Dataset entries

▼▼▼

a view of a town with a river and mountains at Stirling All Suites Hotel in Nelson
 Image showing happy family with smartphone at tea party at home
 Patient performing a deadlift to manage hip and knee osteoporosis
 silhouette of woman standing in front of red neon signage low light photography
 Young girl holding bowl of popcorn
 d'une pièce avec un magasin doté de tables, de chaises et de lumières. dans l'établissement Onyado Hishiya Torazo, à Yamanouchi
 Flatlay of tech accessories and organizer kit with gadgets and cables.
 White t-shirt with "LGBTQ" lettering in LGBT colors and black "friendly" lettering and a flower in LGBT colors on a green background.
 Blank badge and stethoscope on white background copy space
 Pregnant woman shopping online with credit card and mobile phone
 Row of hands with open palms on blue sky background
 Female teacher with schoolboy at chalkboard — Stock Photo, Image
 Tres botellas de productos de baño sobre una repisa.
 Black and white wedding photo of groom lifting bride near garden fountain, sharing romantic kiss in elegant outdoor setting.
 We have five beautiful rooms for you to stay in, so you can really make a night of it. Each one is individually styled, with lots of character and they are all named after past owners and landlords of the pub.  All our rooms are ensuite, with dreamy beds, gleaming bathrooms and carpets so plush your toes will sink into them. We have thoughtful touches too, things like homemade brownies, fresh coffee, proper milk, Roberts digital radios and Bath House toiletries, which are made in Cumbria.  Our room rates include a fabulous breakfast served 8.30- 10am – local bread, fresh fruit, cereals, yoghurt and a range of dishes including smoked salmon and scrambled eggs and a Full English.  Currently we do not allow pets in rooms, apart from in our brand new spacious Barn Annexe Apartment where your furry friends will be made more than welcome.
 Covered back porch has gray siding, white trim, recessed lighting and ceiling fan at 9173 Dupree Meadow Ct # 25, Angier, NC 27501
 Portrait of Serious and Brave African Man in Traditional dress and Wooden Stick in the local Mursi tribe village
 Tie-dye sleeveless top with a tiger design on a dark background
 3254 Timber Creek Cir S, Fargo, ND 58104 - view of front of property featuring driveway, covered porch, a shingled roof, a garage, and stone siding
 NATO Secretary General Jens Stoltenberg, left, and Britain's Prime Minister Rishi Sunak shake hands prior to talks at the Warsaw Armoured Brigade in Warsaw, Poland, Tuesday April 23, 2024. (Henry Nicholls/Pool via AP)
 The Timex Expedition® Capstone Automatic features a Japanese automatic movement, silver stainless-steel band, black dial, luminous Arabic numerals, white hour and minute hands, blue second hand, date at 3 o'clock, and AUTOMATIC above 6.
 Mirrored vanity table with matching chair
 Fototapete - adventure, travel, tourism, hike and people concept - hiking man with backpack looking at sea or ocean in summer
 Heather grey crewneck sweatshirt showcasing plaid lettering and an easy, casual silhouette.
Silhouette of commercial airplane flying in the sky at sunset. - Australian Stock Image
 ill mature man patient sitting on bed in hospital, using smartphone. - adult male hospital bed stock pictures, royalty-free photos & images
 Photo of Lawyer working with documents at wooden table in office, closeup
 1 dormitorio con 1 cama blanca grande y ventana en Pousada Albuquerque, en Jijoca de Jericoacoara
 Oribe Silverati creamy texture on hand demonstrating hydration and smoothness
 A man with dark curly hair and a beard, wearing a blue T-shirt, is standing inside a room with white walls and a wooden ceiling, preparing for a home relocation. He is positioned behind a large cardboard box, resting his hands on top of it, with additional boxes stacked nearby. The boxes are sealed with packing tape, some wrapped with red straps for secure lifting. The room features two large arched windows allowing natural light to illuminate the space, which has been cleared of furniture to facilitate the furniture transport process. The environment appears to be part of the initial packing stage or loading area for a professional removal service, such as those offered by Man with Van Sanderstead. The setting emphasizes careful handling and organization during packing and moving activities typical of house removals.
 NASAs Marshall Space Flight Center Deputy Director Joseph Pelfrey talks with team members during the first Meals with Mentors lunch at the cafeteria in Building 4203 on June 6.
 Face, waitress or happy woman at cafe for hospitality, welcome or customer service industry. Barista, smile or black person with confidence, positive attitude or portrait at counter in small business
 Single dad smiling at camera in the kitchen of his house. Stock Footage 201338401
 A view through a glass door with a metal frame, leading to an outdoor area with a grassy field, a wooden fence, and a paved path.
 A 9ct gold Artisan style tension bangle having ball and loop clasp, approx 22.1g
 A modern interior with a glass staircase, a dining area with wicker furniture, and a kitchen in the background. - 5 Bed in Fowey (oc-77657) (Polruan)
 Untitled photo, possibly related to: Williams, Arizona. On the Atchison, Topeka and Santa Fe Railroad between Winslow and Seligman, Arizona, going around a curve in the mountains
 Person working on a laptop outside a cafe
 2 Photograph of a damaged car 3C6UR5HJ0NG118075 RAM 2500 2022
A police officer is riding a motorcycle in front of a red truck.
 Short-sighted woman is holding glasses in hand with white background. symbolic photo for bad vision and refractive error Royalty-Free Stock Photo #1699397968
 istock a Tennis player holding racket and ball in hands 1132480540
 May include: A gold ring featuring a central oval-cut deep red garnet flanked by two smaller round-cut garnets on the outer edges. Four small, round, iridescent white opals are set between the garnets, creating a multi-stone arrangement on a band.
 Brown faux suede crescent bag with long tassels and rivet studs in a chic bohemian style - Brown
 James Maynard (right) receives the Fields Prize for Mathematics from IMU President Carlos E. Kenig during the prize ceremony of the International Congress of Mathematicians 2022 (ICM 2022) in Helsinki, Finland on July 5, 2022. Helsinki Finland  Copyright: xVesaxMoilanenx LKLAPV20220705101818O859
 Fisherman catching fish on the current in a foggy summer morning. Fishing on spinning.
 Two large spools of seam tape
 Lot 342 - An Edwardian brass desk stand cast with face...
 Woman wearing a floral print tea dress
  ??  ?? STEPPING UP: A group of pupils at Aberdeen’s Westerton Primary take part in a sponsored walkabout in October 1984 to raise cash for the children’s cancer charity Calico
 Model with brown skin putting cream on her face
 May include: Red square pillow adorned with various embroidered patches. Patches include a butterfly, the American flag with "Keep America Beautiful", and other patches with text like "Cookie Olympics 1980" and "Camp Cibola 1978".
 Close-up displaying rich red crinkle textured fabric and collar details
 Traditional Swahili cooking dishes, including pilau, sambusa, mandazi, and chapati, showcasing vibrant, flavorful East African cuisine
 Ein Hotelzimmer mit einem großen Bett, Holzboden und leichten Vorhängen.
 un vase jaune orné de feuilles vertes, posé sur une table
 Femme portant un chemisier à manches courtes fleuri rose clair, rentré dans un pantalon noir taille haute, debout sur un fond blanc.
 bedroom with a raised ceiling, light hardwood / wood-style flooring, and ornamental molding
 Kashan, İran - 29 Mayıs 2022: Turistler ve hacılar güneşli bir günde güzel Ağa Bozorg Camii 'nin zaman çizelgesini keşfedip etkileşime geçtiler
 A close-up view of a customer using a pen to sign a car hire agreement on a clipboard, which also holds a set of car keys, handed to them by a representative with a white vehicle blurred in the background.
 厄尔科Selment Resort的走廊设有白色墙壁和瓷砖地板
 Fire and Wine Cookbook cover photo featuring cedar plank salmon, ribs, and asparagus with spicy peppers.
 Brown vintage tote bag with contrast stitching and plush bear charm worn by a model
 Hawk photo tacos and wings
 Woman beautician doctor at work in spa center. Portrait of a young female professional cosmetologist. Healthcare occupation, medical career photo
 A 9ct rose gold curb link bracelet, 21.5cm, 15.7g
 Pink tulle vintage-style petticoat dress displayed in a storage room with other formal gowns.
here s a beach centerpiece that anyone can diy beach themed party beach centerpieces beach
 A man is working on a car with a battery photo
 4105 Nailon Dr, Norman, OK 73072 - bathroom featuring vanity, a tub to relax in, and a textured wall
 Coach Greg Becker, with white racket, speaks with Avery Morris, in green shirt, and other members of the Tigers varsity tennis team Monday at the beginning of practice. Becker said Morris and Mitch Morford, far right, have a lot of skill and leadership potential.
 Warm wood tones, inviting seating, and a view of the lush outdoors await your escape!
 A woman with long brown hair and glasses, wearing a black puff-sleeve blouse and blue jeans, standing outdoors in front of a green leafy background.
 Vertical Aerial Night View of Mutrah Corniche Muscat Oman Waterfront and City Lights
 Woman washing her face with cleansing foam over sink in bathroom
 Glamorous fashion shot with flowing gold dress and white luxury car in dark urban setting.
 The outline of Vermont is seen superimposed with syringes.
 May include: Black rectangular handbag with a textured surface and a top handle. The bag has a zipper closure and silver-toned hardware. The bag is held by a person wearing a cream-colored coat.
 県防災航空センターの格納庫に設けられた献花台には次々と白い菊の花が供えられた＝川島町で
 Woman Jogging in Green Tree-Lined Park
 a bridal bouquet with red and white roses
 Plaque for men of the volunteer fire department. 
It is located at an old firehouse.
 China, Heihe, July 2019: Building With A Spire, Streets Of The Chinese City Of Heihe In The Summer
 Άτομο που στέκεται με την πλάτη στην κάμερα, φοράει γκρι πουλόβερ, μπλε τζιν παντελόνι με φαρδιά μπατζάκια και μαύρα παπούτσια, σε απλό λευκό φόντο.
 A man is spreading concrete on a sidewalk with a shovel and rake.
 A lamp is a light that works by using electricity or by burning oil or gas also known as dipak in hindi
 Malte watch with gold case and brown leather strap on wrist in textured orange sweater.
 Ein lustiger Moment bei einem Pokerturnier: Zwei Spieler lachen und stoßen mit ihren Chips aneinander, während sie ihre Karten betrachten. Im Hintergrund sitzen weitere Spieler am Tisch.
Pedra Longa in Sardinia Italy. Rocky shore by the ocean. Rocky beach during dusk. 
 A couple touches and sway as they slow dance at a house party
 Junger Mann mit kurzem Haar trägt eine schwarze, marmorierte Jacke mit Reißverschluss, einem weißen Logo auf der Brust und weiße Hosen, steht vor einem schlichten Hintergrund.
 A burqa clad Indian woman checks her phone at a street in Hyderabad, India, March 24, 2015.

▲▲▲

(WORK REQUEST): An exact copy of the lines above between the line holding "Tie-dye sleeveless top" and the line holding "3254 Timber Creek", inclusive, is the whole answer.

(TASK OUTPUT):
 Tie-dye sleeveless top with a tiger design on a dark background
 3254 Timber Creek Cir S, Fargo, ND 58104 - view of front of property featuring driveway, covered porch, a shingled roof, a garage, and stone siding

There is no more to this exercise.